**Information**
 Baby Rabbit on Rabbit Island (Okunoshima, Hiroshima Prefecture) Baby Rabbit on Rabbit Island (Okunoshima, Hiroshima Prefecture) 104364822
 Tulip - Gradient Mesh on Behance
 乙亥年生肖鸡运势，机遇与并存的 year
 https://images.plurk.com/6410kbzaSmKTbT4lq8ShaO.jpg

...

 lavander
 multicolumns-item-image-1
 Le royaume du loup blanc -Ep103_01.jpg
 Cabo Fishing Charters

...

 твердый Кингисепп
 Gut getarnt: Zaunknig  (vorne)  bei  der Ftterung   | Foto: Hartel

**Description of the task**
Given the data above, transcribe exactly the lines from the one containing "multicolumns-item-image-1" down to the one containing "Cabo Fishing Charters", and no others.

**Answer box**
 multicolumns-item-image-1
 Le royaume du loup blanc -Ep103_01.jpg
 Cabo Fishing Charters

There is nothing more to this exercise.